At the time of diagnosis of mUC, approximately one-third had liver metastases. Lung and bone metastases were present in 19% and 30% of patients, respectively. ECOG PS was registered in 31 patients (31%), most of whom had ECOG PS 3 (20% of all patients). Registration of specific PS was more common in patients evaluated for SAT at the oncology department (25 of 41 patients (61%)) than in patients solely evaluated at the urology department (6 of 59 patients (10%)). Renal function was evaluated by Cr-EDTA clearance in 16 patients (16%) and by eGFR in 72 patients (72%); in 12 patients (12%) no data on renal function was reported. In patients evaluated by Cr-EDTA, mean clearance was 40.3 ml/min compared to 58.1 ml/min in patients only evaluated by eGFR.
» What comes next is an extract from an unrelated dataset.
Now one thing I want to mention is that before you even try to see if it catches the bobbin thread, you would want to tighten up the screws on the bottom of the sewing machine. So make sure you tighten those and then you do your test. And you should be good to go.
The most common reported reason to abstain from chemotherapy was poor physical condition (59%), decreased renal function (15%), and patient preferences (14%) (). In three patients, more reasons for lack of treatment were registered; patient 1: poor physical condition, decreased renal function and heart failure; patient 2: poor physical condition and decreased renal function; patient 3: poor physical condition and decreased renal function. Among patients with poor physical condition stated as reason for lack of treatment, 33 had no ECOG PS registration, 24 had ECOG PS 3–4, and 2 had ECOG PS 2. Forty-one patients (41%) were assessed for chemotherapy eligibility at the oncology department. For the remaining patients, the decision not to treat was made at the urology department and these patients were never evaluated by an oncologist.
Table 2. Reasons for lack of chemotherapy as indicated in the electronic medical records of 100 patients with mUC not receiving systemic anticancer treatment.
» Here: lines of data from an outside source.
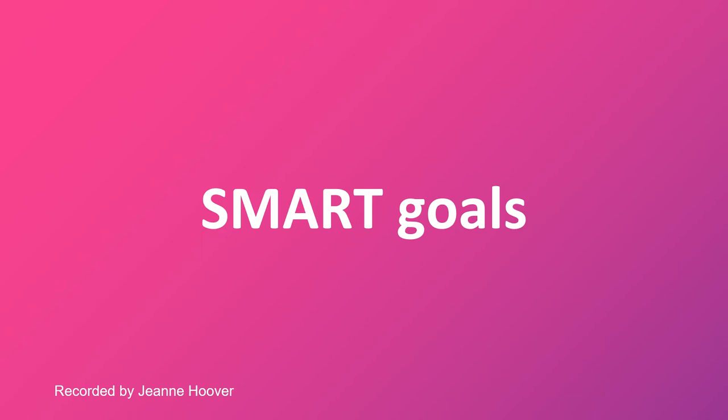In this video, we will be talking about SMART goals, which are goals that are specific, measurable, attainable, relevant, and time-based.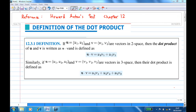For this recording, I'm going to show you how to connect the algebraic manipulation of the dot product with its geometrical interpretation. The reference I'm going to use is based on Howard Anton's text, Chapter 12.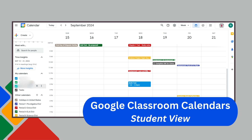Here's a view of how the classroom calendars appear on your student's Google Calendar. Students can easily click on any calendar event to see the reminder. And clicking on the calendar events created in Google Classroom will take them directly to that question, assignment, or quiz assignment in the appropriate classroom.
All patients died during the follow-up period. Median OS was 1.9 months (95% CI: 1.6–2.8 months) (). Survival rates at three, six and 12 months were 35% (95% CI: 27–46%), 10% (95% CI: 6–18%), and 5% (95% CI: 2–12%), respectively (). A survival curve is presented in .
Figure 2. Survival curve from diagnosis of mUC to death in 100 patients with mUC not receiving systemic anticancer treatment.
Table 3. Median OS plus 3-, 6- and 12-months OS rates in 100 patients with mUC not receiving systemic anticancer treatment and median OS in 952 patients with locally advanced, unresectable or metastatic urothelial tract cancer of different histologic subtypes who received SAT in Denmark during the same inclusion period.
Discussion
In this retrospective, single-center cohort study, we found that 34% of patients with newly diagnosed mUC did not receive SAT most often due to poor physical condition, decreased renal function or patient preferences. The prognosis was poor with a median OS of 1.9 months (95% CI: 1.6–2.8 months). To our knowledge, this is the first study to report reasons, as indicated in the EMRs, for lack of SAT in patients with mUC.
Complete inclusion of patients through thorough pathology coding practices in Denmark and the use of the unique 10-digit personal identification number are major study strengths [Citation14,Citation15]. Data manually collected from the EMRs as well as complete follow-up in terms of survival are other study strengths [Citation16]. Together, these ensure high data validity and generalizability to other Danish as well as international bladder cancer populations.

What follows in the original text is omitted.